The weekend after we got engaged, we attended Together for Adoption and Andy fell in love with the idea of foster care. We have planned to begin our family through adoption from that day. We may or may not try to have birth children, but wanted to begin our family through adoption because currently being childless we have more freedom on how many children and the ages of children that we can welcome into our home. We recently completed our home study with OmniVisions and are awaiting approval. It is likely that our home will be opened in December and we hope to have a placement of children in January. To begin, we have decided to open up for up to two children ages 10 years and younger who are available for adoption.
This is our plan. We believe that we are following where God is leading, but we also know that He is in control and our plan could definitely be different. In some ways I am so thrilled to be opening the doors to the next chapter of our lives and in some ways I am absolutely terrified. We are walking into foster care and adoption with our eyes open. Through or training and through friends who foster and adopt we know some of the hard things that we will likely face. Most likely our children will have been abused and neglected in their homes of origin. Very possibly our children will have memories of those homes and will, therefore, have diffuculties adjusting to new homes because of those experiences. Our children may exhibit behaviors that are a result of past abuse. I have started looking through Web sites of adoptable children and wondering if any of those children are the ones we will adopt.

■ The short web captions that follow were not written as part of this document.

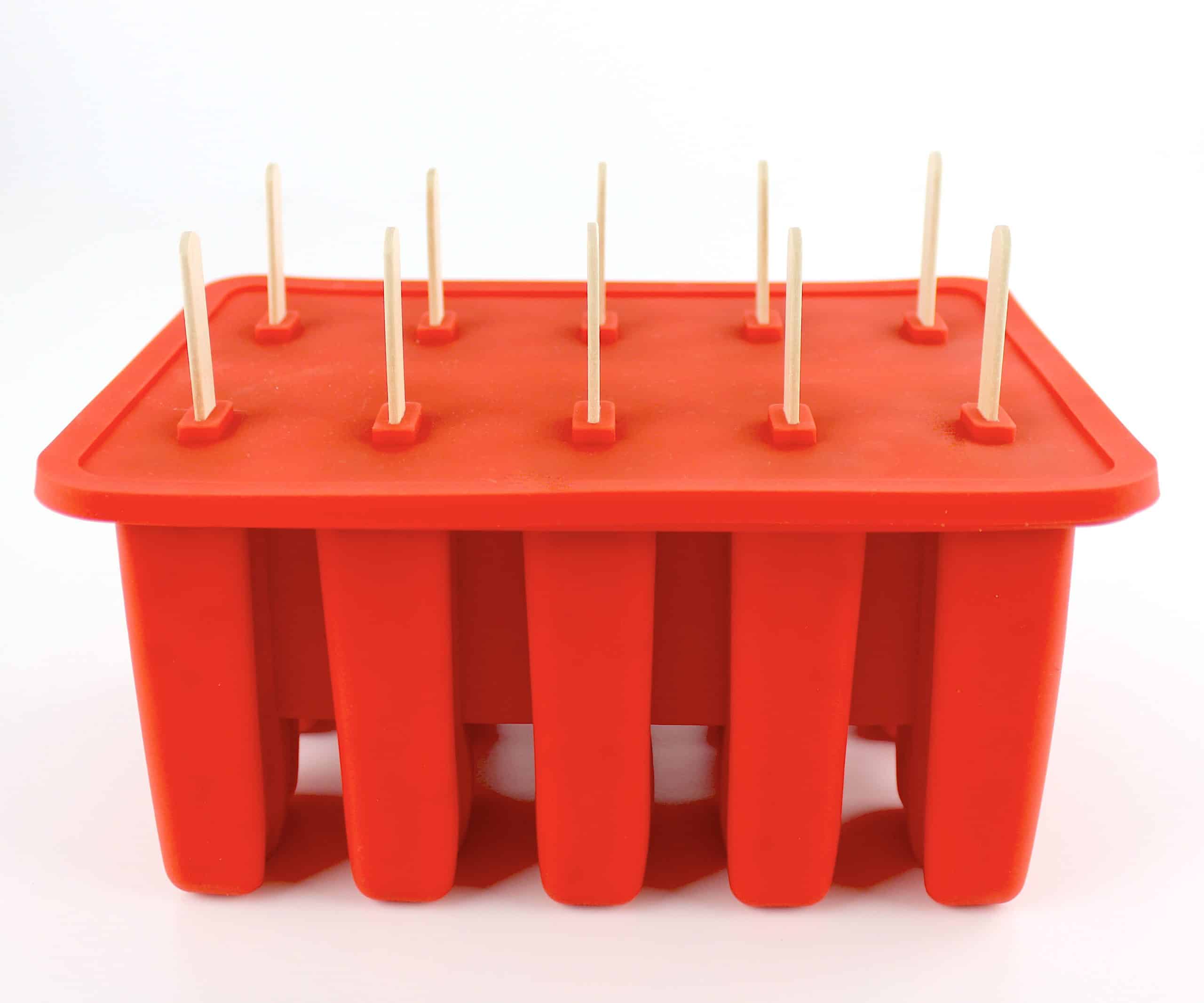 red silicone popsicle mold with cover and popsicle sticks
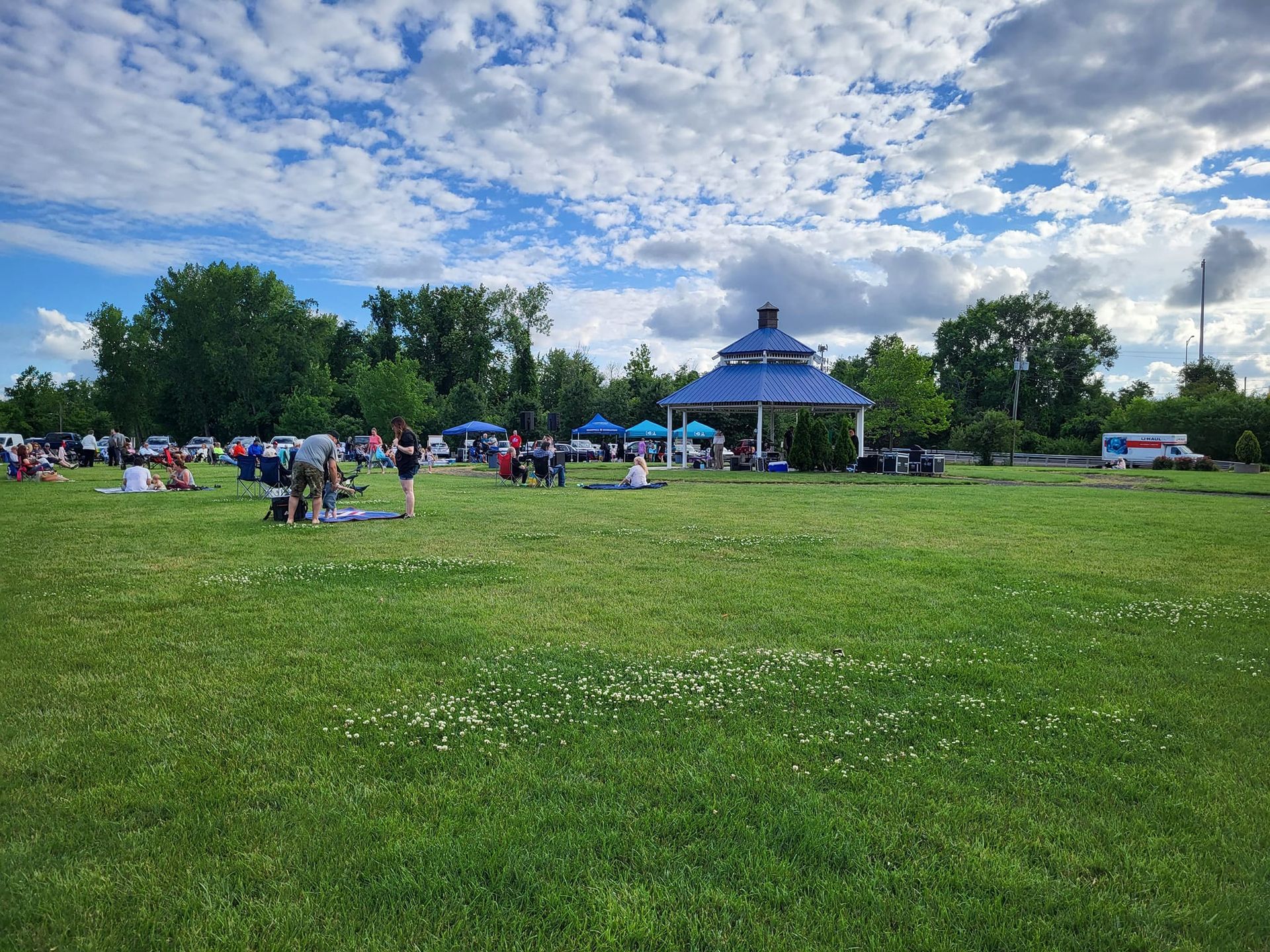People gather on a green park lawn in front of a blue-roofed gazebo under a sky with scattered clouds.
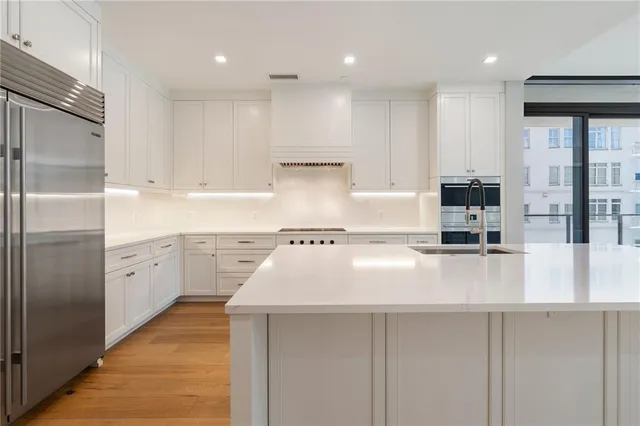 a kitchen with kitchen island granite countertop a sink counter top space stainless steel appliances and cabinets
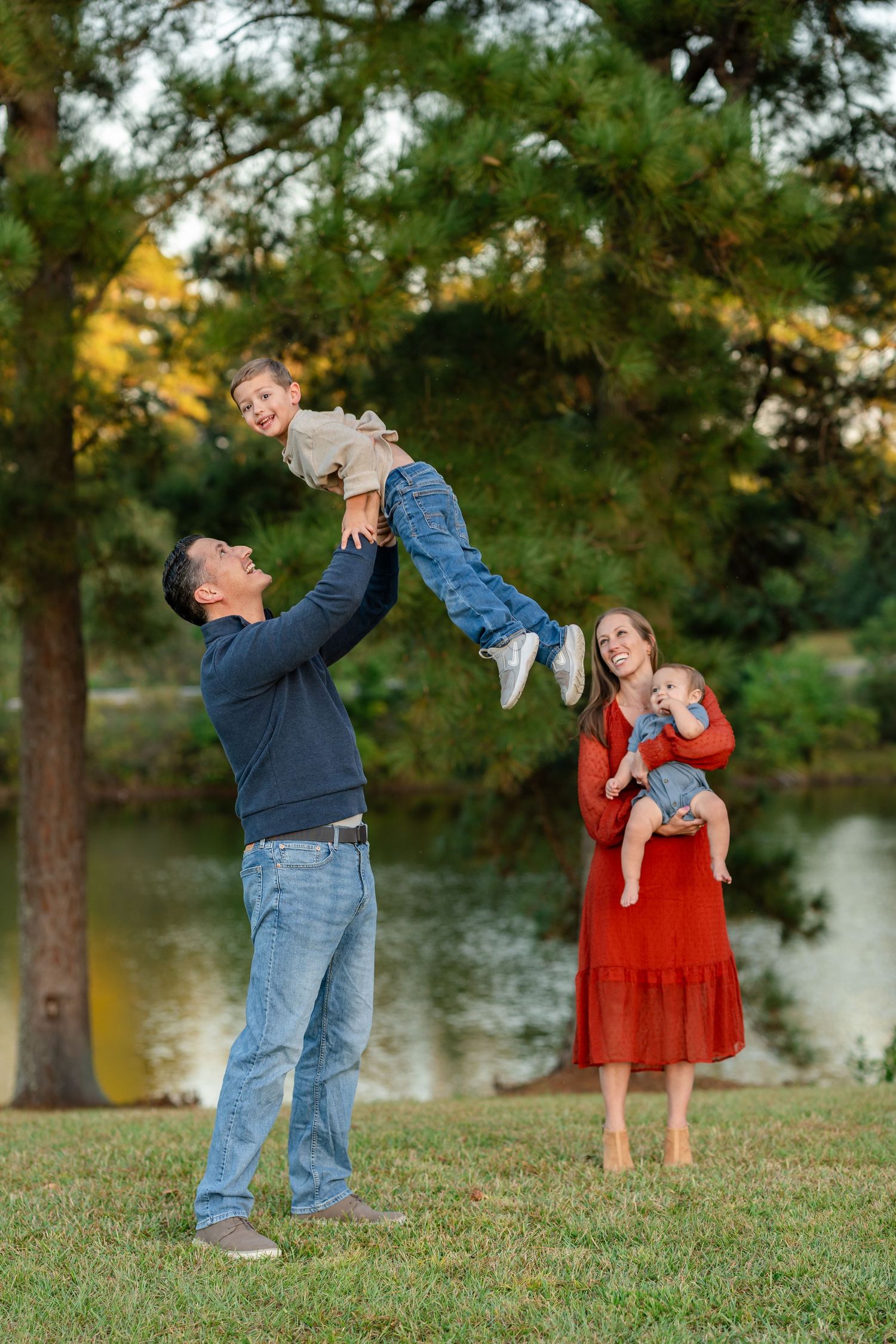 A series of four photos showing playful interactions in a park setting with trees and a lake in the background.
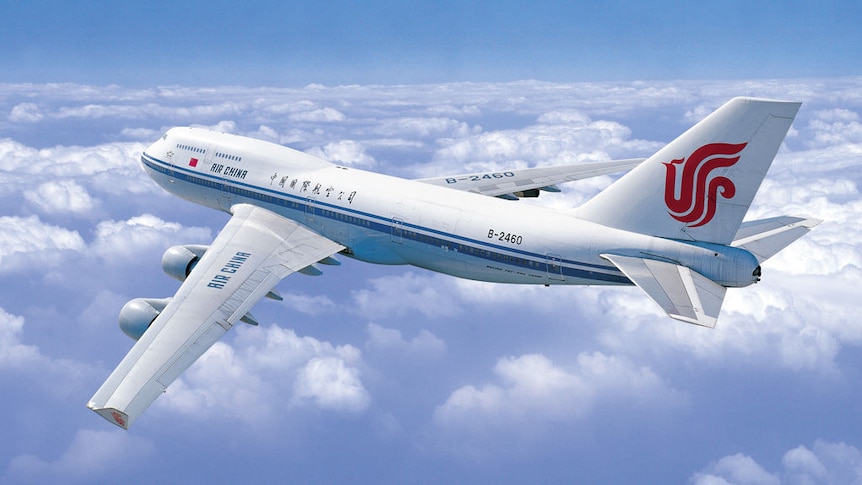 View of an Air China branded plane from above, as it flies above a layer of clouds.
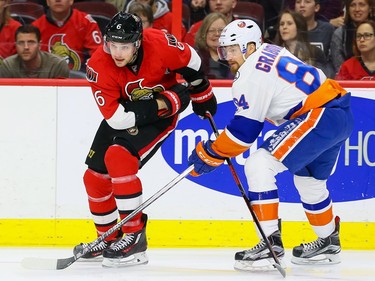 Ottawa Senators right wing Bobby Ryan (6) fights past the check of New York Islanders center Mikhail Grabovski (84).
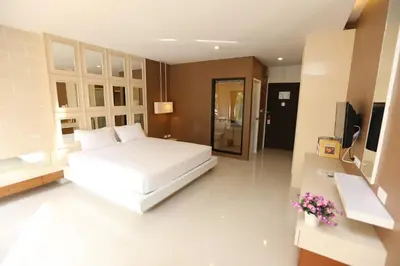 a bedroom with a white bed and a television at Naka Residence in Phuket Town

Then, fear will grip my heart. "How can we possibly do this? We are not prepared to take care of these sweet kids who have endured so much!" Yet then I remember the reason we have chosen this path to begin with because if we do not open our home, then who will? So, instead of letting the fear take hold I pray that God will give me a spirit of power and love and a heart that is ready to embrace this adventure.
So, our next chapter should start soon. We are buying some bunk beds from a friend. I have put in my notice at work and will have the good fortune to be a stay at home mom. Now, we just need som kids!